Purpose: Retinal pigment epithelium (RPE) cells exist in a close spatial and functional connection with the light-sensitive cells of the retina (photoreceptors). As part of the blood-retinal barrier, RPE cells provide photoreceptors with nutrients and remove and recycle waste products of visual cycle. A considerable number of ocular diseases start in middle age, including age-related macular degeneration (AMD). Age-related changes in the normal RPE and AMD mechanisms are not fully understood. Lysosomes are organelles that are involved in degradation and recycling in animal cells. The purpose of the study is to identify age-related changes in the lysosomal function in freshly isolated healthy mouse RPE.

Methods: RPE cells were isolated from the eyes of 6, 12 and 18-month old C57Bl6 mice.
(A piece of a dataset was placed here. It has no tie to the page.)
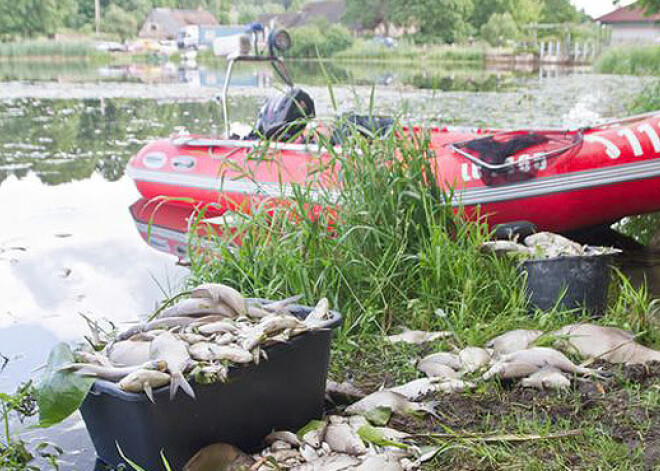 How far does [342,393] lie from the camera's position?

Gene and protein expression were analysed in freshly isolated RPE cells by real-time PCR, flow cytometry and Western blotting. RPE cell size was assessed as a forward scatter (FSC) parameter by flow cytometry in unfixed cells. Lysosomal function was tested by labelling with fluorescent dyes LysoTracker Red (DND99) and LysoSensor Green (DND153).

Results: We detected a significant increase in expression of LAMP-1 and LAMP2 and lysosomal proteases (cathepsins) in 12-month old (n=6) in comparison to 6 month old (n=6) C57Bl6 mice. Significant increase in loading with fluorescent dyes (LysoTracker Red and LysoSensor Green) was detected in 12-month old animals (n=5) in comparison to 6-month old mice (n=5). Comparison of 12-month old (n=6) and 18-month old (n=6) C57Bl6 mice did not reveal significant difference in lysosomal activity. The size parameter of RPE cells was significantly increased in 12-month old animals (n=5) in comparison to 6-month old (n=5) animals and was similar in 12- and 18-month old animals (n=5 for each group).
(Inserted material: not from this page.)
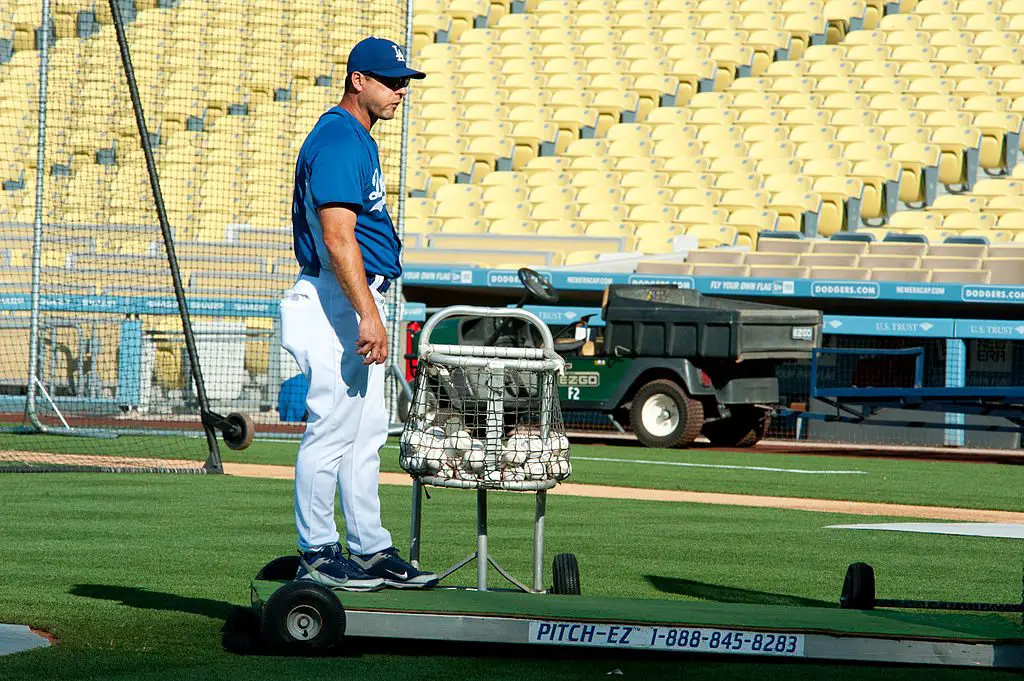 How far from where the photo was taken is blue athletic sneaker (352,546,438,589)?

Conclusions: We identified lysosomal upregulation in middle-age healthy wild-type mice, which is consistent with activation of CLEAR network in RPE. Our data suggest that activation of CLEAR network in middle age might be a beneficial physiological defence mechanism against accumulation of increased waste load. Impairment of this mechanism might be a cause of age-related diseases in the RPE.